Visualize your data
5. Prepare the data: interval length
Work with your chart 2
Check yourself

Instruction

We did indeed get the ten intervals we wanted. Now, let's try the other method and set the length of intervals instead of their number. We will use the same commands as in the previous example, but we will change the breaks argument.

Instead, we will write:

split <- cut(vector, breaks = seq(start, end, by = length), include.lowest = TRUE )

This time, we will use a vector for the breaks argument. When we use a vector, the cut function will derive interval limits from the vector's values; it will then sort the dataset's values into these intervals. If we want to create a range of intervals with a fixed length, we need a sequence of numbers. We'll use the seq function for this. We showed it above, but here it is again:

seq(start, end, by = length)

This function creates a vector of numbers, starting with the start value, increasing the value of each number by the amount defined as the length, and then stopping at or near the end value. For example seq(0,10, by=2) will create a vector with the numbers 0,2,4,6,8,10. Giving this vector as the breaks argument cut function will create intervals like [0,2], (2,4], (4,6], (6,8], (8,10].

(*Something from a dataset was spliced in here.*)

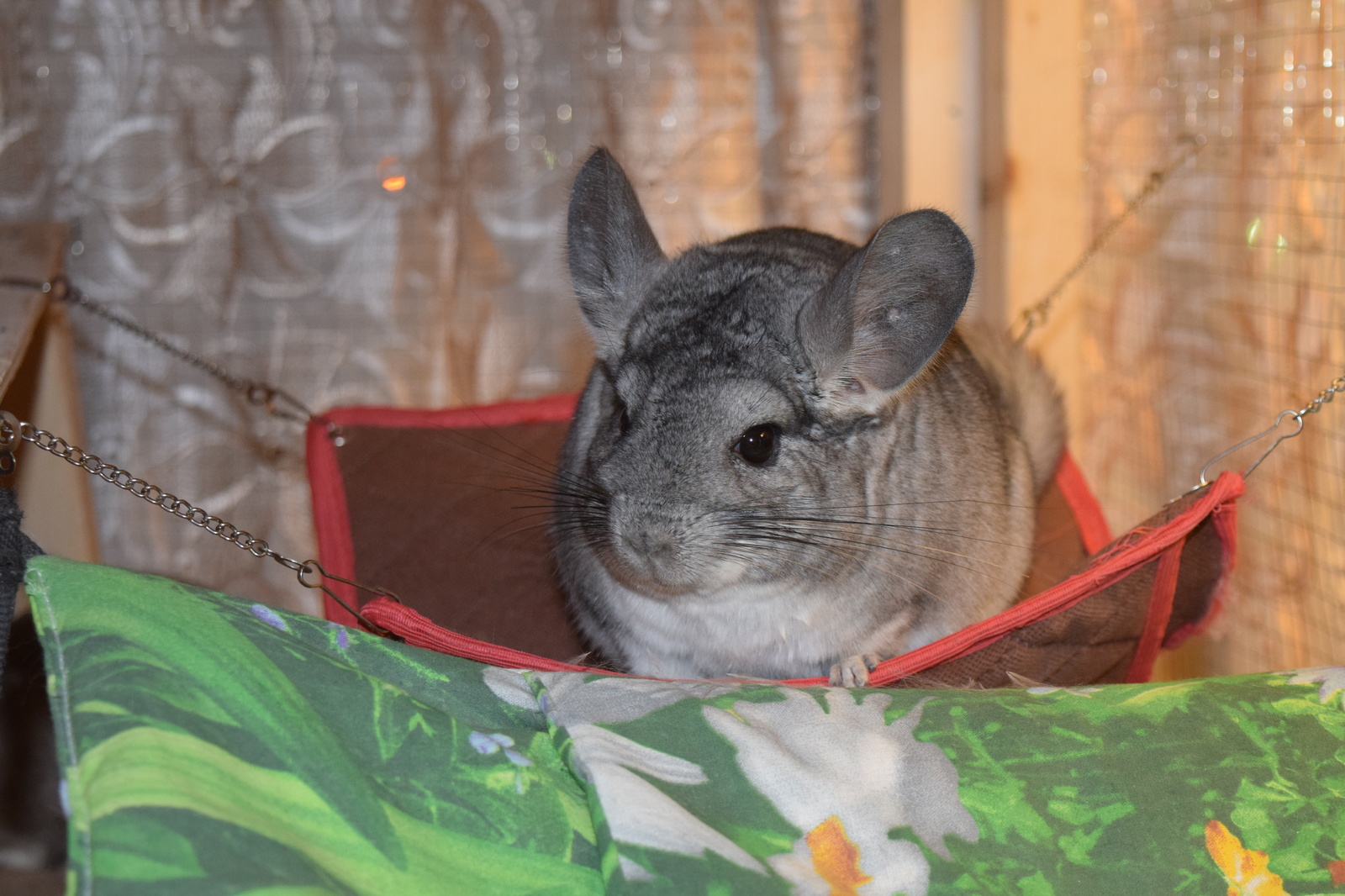 Chinchilla cuteness post. - My, Milota, Chinchilla, Pets, Fluffy, , Longpost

To count the frequencies of values for each interval, we use the same code as before. First, we create a data frame:

split_df <- data.frame(interval=split)

Then we count interval frequencies:

count(split_df, interval)

Exercise

Let's divide our consumption variable into intervals with a length of three and count the value frequencies for each interval.

Use the three commands discussed above and set the code for breaks as seq(0,15,by=3). (The consumption variable's rounded minimum and maximum values are 0 and 15 liters.)

Remember to specify the consumption column from the alcohol_consumption dataset as the vector in the cut function (alcohol_consumption$consumption).

When you're done, click the Run and Check Code button. Check the length of the created intervals. Do they have a length of three?

Stuck? Here's a hint!

You should write:

split <- cut(alcohol_consumption$consumption, breaks = seq(0, 15, by = 3), include.lowest = TRUE)
split_df <- data.frame(interval = split)
count(split_df, interval)